Extreme left activists seek to ban Liberman, Marzel for alleged racism

The group of 12 petitioners is made up of Jewish and Arab Israeli activists from the radical left, including draft dodgers and anti-Israel film organizers.

Le ministre des Affaires étrangères Avigdor Liberman (photo credit: MARC ISRAEL SELLEM)
Le ministre des Affaires étrangères Avigdor Liberman
(photo credit: MARC ISRAEL SELLEM)
A group of people sought to disqualify Yisrael Beytenu head, Foreign Minister Avigdor Liberman and Yahad candidate Baruch Marzel from running for the Knesset, calling them racists in a petition to the Central Elections Committee submitted on Wednesday.
The petitioners said they seek to protect the rights to full equality for Arabs in Israel, including their full participation in Israeli democracy, rights that all citizens of Israel already enjoy, according to law.
The group of 12 petitioners is made up of Jewish and Israeli- Arab activists from the radical Left, including Raneen Jeries, who helped organize the Nakba Film Festival; writer Matan Kaminer, who was one of several draft-dodgers given a prison sentence in a high-profile 2003 trial; Hadash activist Dr.
Anat Matar; and Silan Dallal, who was one of the subjects of an article about Jews who vote for Balad.
“The petitioners, mostly Jews, still enjoy privileges of freedom of expression and political action, but due to their stances, could find themselves as victims of silencing, boycotting and harm. They fear that the democratic fabric of life in Israel could be damaged and a racist ideology could be implanted in Israel society and, even worse, in the Knesset and government,” they wrote.
The petition refers to Yisrael Beytenu’s proposal for populated territory exchange as “not recognizing Arab citizens as having equal rights and seeking to expel them.”
It also says that Yisrael Beytenu targets and incites to racism against Arabs and Arab MKs, leading to violence, discrimination and boycotts.
The petitioners wrote letters to members of the Central Elections Committee, asking them to disqualify Marzel, the US-born Hebron resident and follower of assassinated farright Rabbi Meir Kahane, whose Kach party was banned in 1988 for inciting to racism.

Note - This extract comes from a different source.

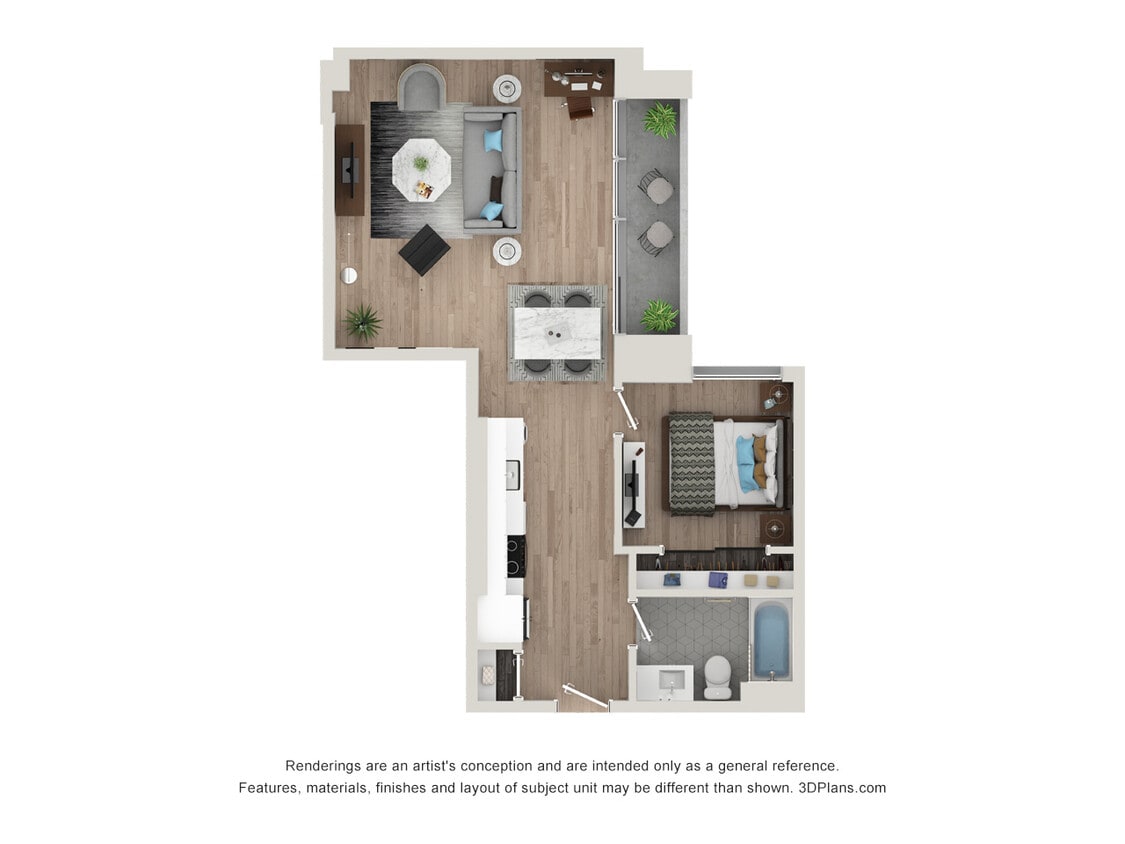 Floor Plan - 1 Bed 1 Bath - 715 sqft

The group cannot submit a petition to ban an individual candidate; such a request can only be made by one-third of the panel. In addition, MK Esawi Frej (Meretz) petitioned against Yisrael Beytenu’s slogan “Ariel for Israel – Umm el-Fahm for Palestine,” calling it racist.

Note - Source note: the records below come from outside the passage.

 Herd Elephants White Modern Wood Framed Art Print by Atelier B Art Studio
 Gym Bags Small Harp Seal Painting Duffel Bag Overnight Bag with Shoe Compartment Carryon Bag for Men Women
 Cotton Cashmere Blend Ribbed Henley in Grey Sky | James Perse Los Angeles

“Liberman thinks he’s in charge and can decide who gets citizenship and who doesn’t, but the citizenship of Umm el-Fahm residents does not depend on Liberman or members of his party,” Frej wrote.

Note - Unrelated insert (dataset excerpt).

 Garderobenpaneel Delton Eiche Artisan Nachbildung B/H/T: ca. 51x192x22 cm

“In the Independence Scroll, it says the state ‘will have equal social and political rights for all its citizens, regardless of religion, race and gender,’ but the Yisrael Beytenu chairman isn’t interested in the Independence Scroll, certainly not in the parts about equality.”
Yisrael Beytenu responded that “there is no limit to the absurdity and cynical abuse of Israeli democracy, if we reach a situation in which representatives of terrorist organizations in the Knesset petition the Central Election Committee to ask them to ban a Zionist party in Israel, which stands alone against those who collaborate with Israel’s worst enemies.”
The party’s spokesman said Yisrael Beytenu will continue working in the next Knesset to take care of those who enjoy the fruits of Israeli democracy while trying to undermine it and seeking to stop its existence as a Jewish state.
Yahad said the attempt to bar Marzel from running has no legal basis and is “audacious and shameless, as it comes from a list that includes people who aid the enemy.”
The party added that “there are a number of Arab MKs whose natural place is the Gaza parliament.”